# Product Review: Spike's Tactical .22 LR conversion for AR-15



## Heavy G (Feb 7, 2009)

Hey y'all.

I wrote a pretty detailed product review for a Spike's Tactical .22 LR conversion kit for an AR-15 on the Survival Podcast forum. Here it is:

http://thesurvivalpodcast.com/forum/index.php?topic=2817.0

I hope you enjoy it.


----------



## The Norseman (Jan 8, 2005)

That Review is the best. It explains the Spike's Tactical 22LR Drop in
Conversion to a T. The pictures provided are also the best.

I have a Ciener 22LR AR15 Drop in Conversion Kit. The Ciener I have
performs exactly as your review of Spike's.

I will buy a Spike's when I can get a good deal on it. My Ciener is on
loan from a friend.
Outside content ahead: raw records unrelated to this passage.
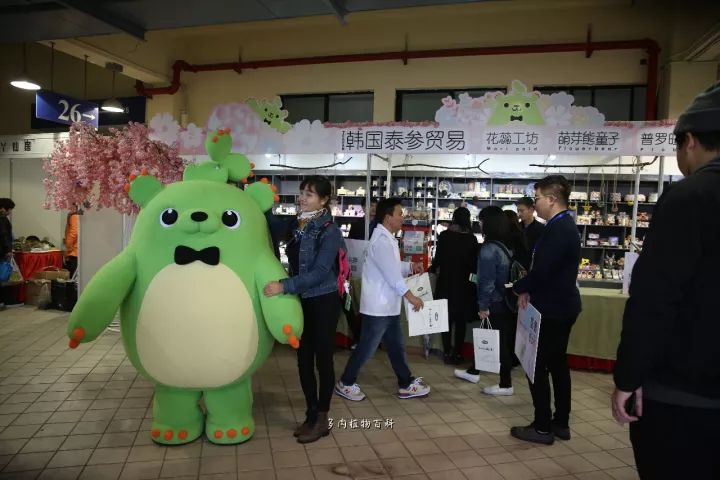 公认最美4种多肉植物图片,2014年上海多肉植物展图片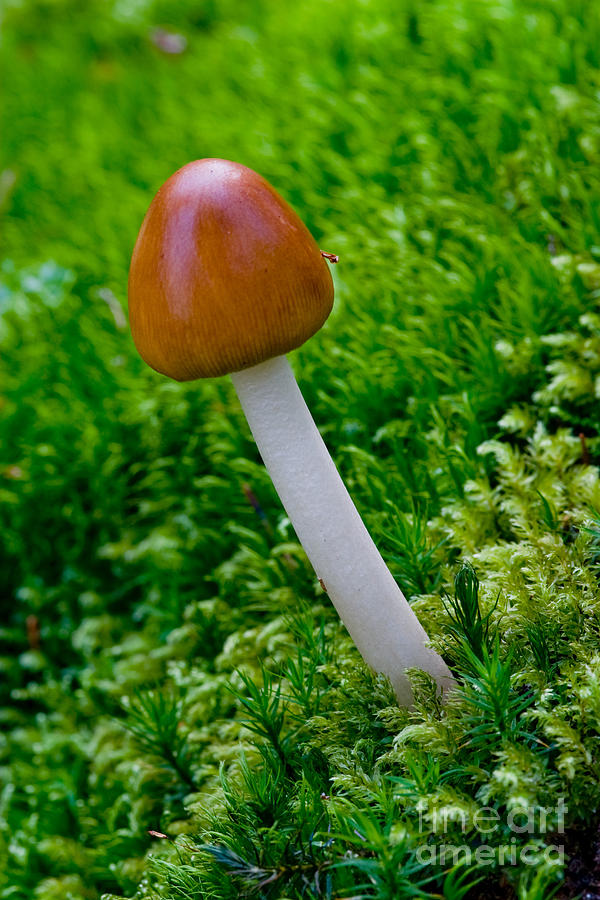 Forest Mushroom Photograph by Frank Fox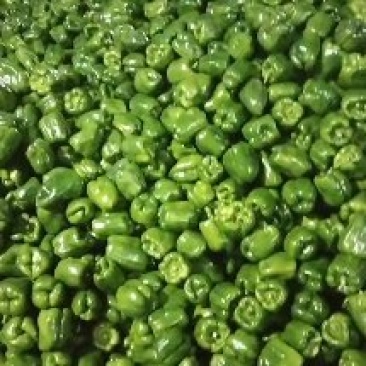 大量圆椒上市了，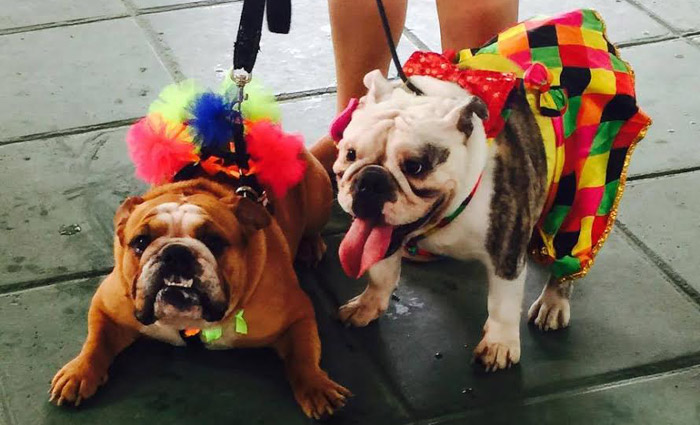 Concurso de fantasias é um dos momentos mais esperados do evento. Foto: Kennel/Divulgação (Concurso de fantasias é um dos momentos mais esperados do evento. Foto: Kennel/Divulgação) Concurso de fantasias é um dos momentos mais esperados do evento. Foto: Kennel/Divulgação (Concurso de fantasias é um dos momentos mais esperados do evento. Foto: Kennel/Divulgação)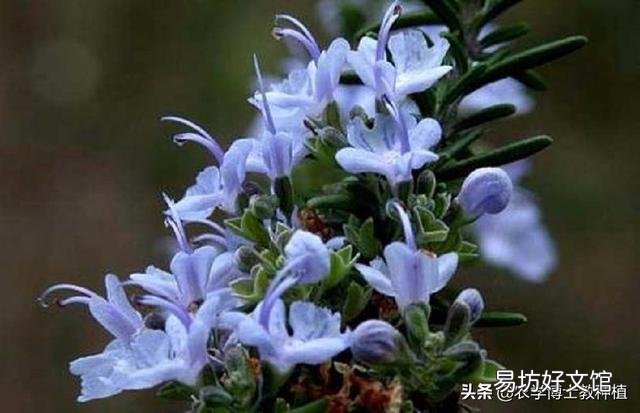 迷迭香特别好,想在家养一养,怎么养好呢?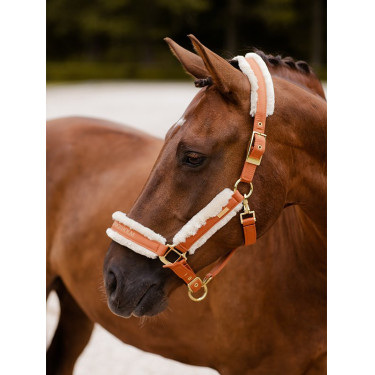 Licol et longe Equestrian Stockholm avec fourrure Bronze or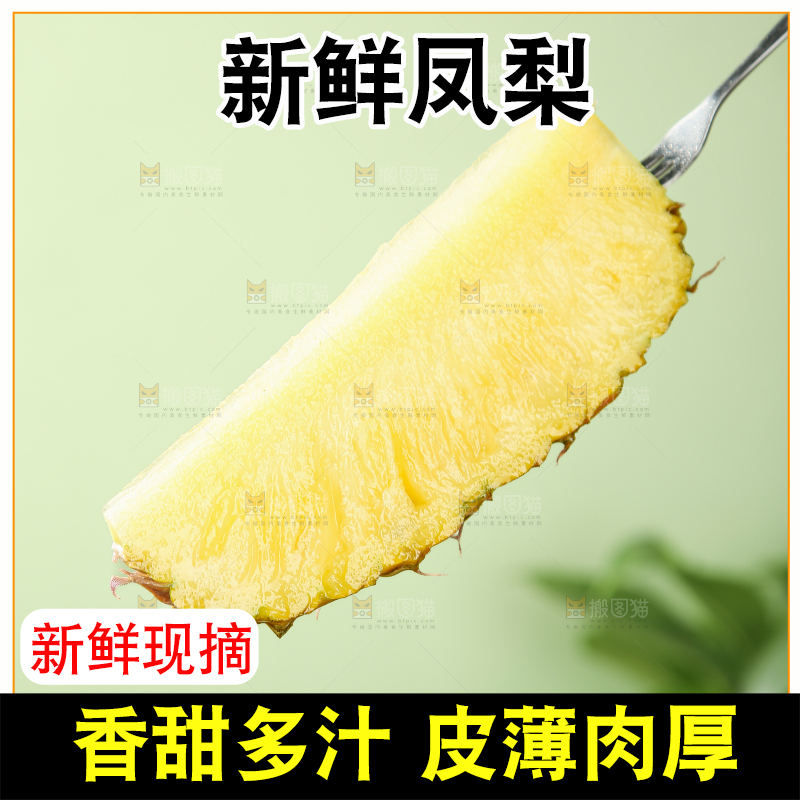 金钻凤梨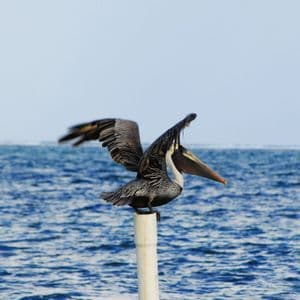 Un pellicano si appollaia su un palo bianco con le ali spiegate e il becco aperto sul mare blu.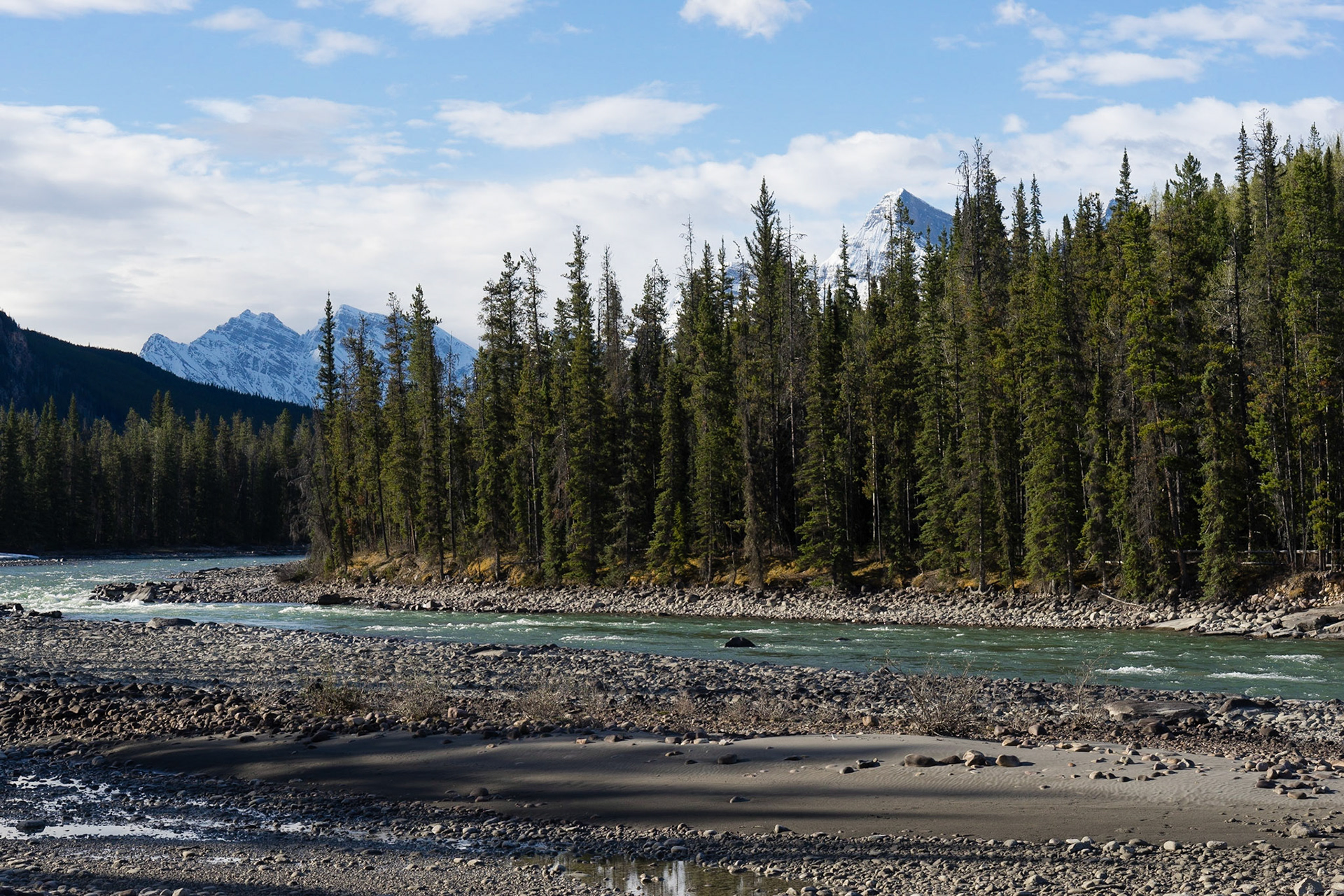 Icefield Parkway between Jasper and Saskatchewan River Crossing, Ab.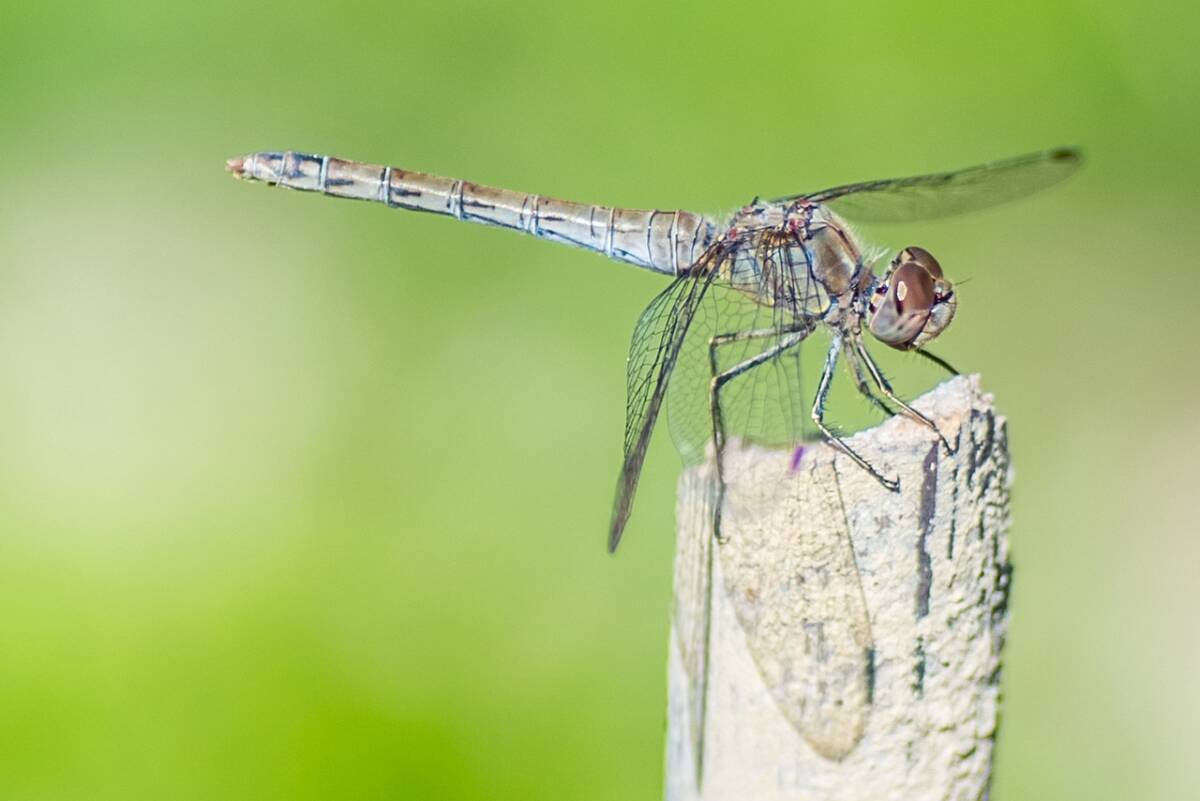 Zanzare, preoccupa la diffusione di malattie come la dengue e la chikungunya. Si rischia una vera e propria epidemia article-post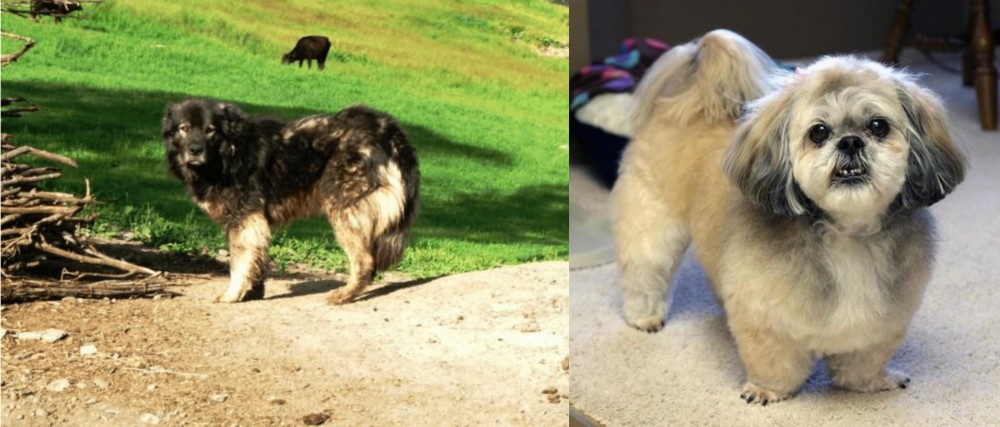 PekePoo vs Kars Dog - Breed Comparison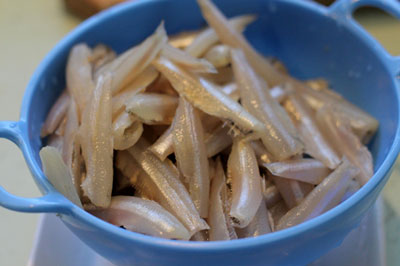cá bống trắng kho nước dừa bếp điện từ 1
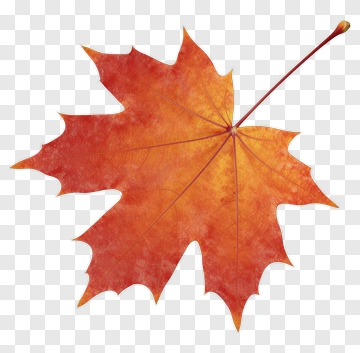 Autumn Orange Maple Leaf PNG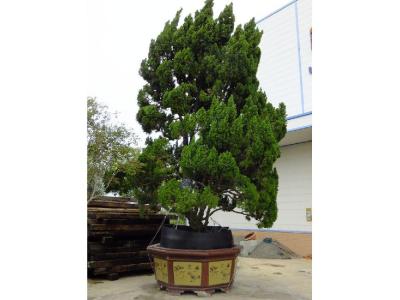 家有龍柏盆景對(duì)家風(fēng)水好嗎？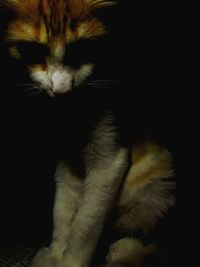 Close-up of cat seen through black background
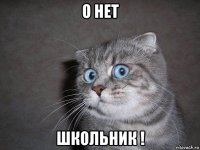 о нет школьник !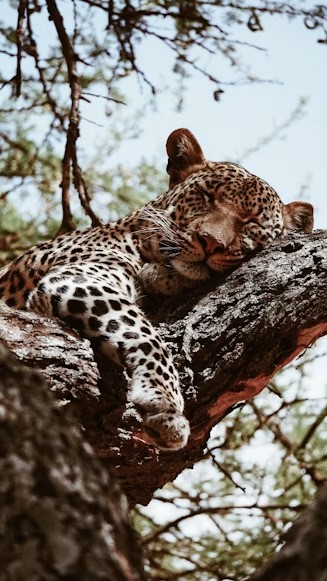 Leopard resting in a tree at Lake Manyara � Day 3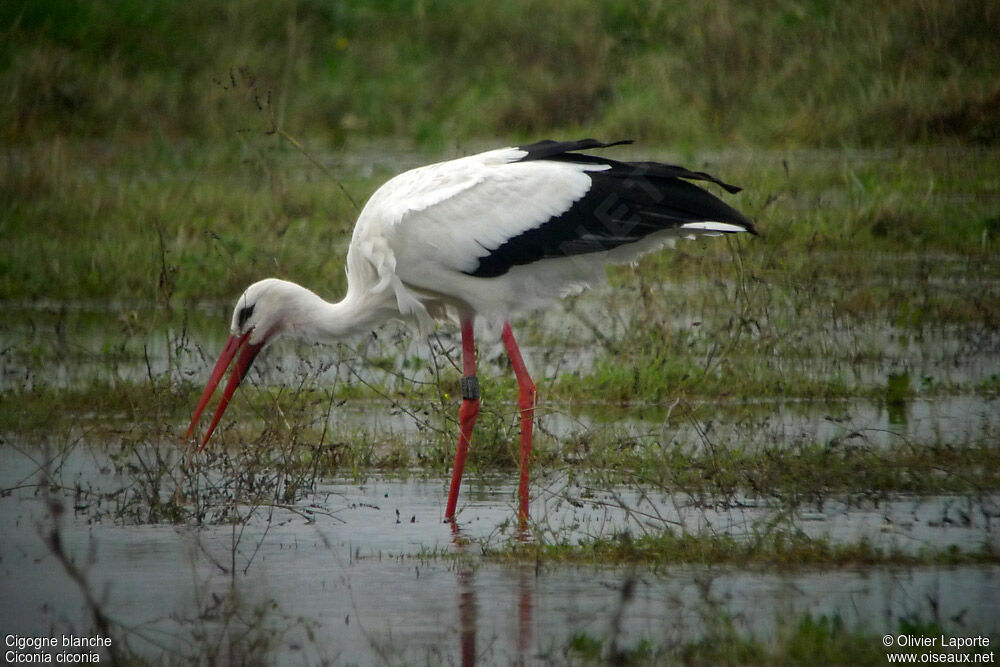 Cigogne blancheadulte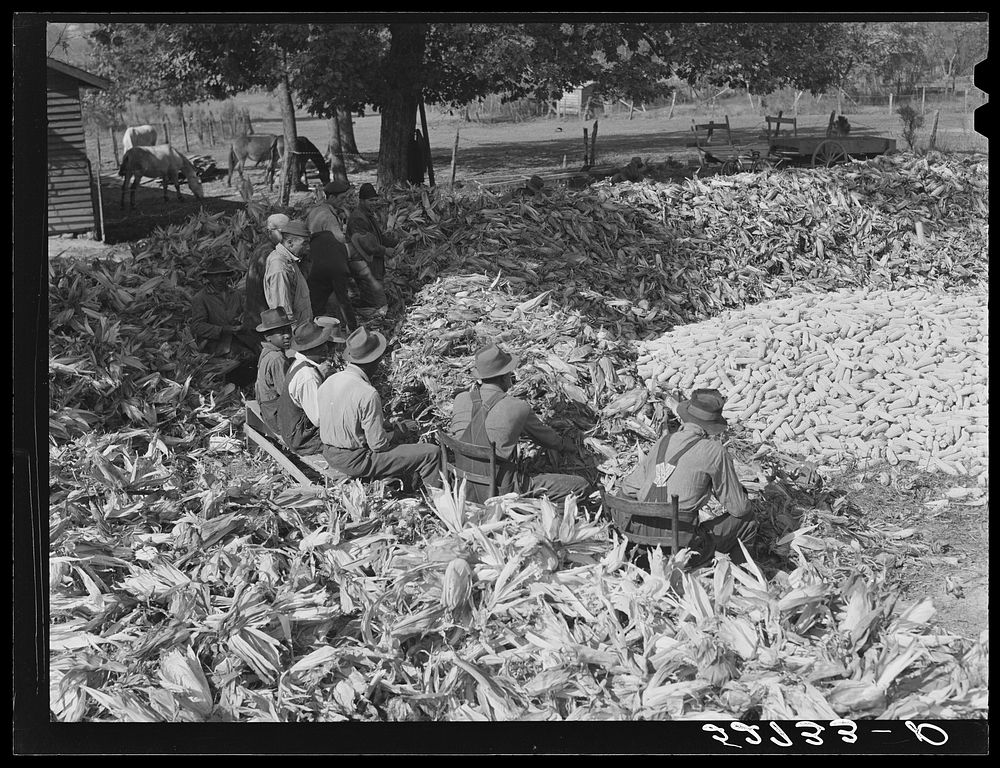 Cornshucking on Mr. Fred Wilkins' farm Tallyho. Near Stem, Granville County, North Carolina. Sourced from the Library of…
Other reviews on Ciener, is there is always comment
what terrible Customer Service, business practices he has and non availablity of repair parts.

I really like the savings and trigger time I can get from the Converison.
It is a lot of fun to continually plink away and not worry about the cost.

One suggestion, I always clean the AR15 before shooting my
223 loads, I don't think it is neccessary to clean the AR15 after
Conversion usage, but........ 
Thank you so much for that excellent Review!


----------



## Heavy G (Feb 7, 2009)

My pleasure, Norseman.


----------